[Task item]
After finding "Bí quyết chăm" in a line below, print that line and the rest of the lines exactly, leaving out all pictures.

:: Input data

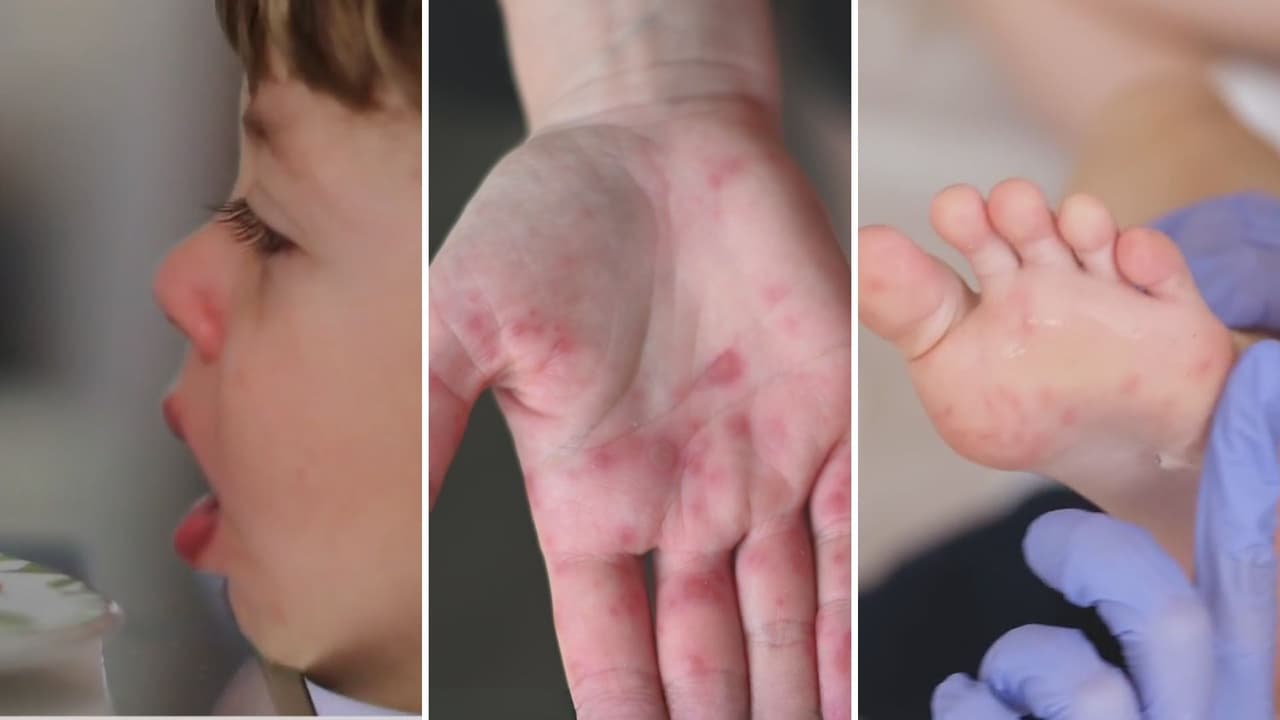 Aumentan casos de la enfermedad ‘manos, pies y boca” en el Valle Central: ¿cuáles son los síntomas?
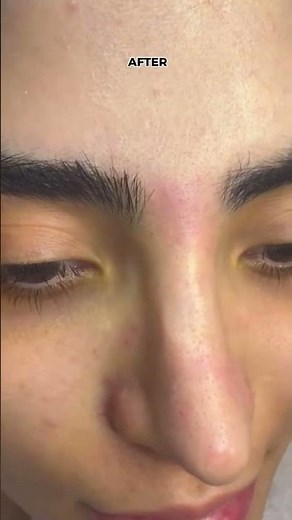 Microdermabrasion Before & After | Instant Glow & Smooth Skin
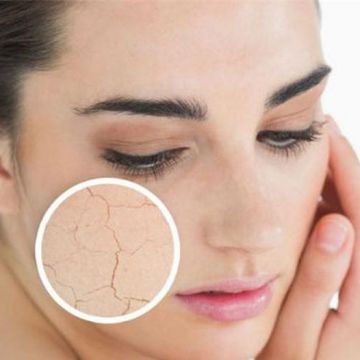 Bí quyết chăm sóc da khô, bạn cần học ngay hôm nay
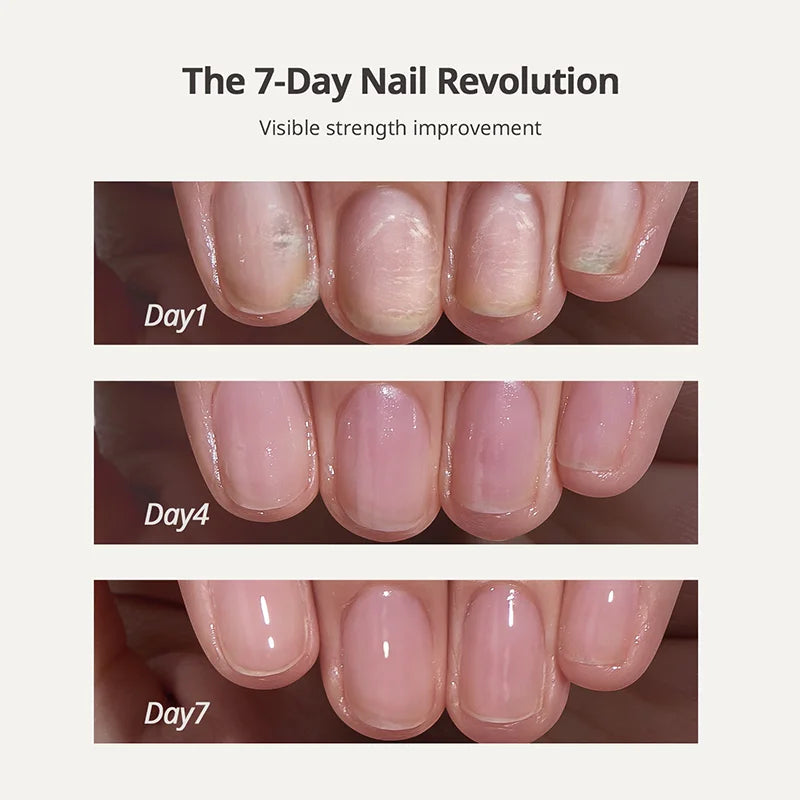 🔥Flash Sale 58% OFF🔥Nail Protection Oil : Strengthen and Grow Your Nails Safely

::::

[The answer]
 Bí quyết chăm sóc da khô, bạn cần học ngay hôm nay
 🔥Flash Sale 58% OFF🔥Nail Protection Oil : Strengthen and Grow Your Nails Safely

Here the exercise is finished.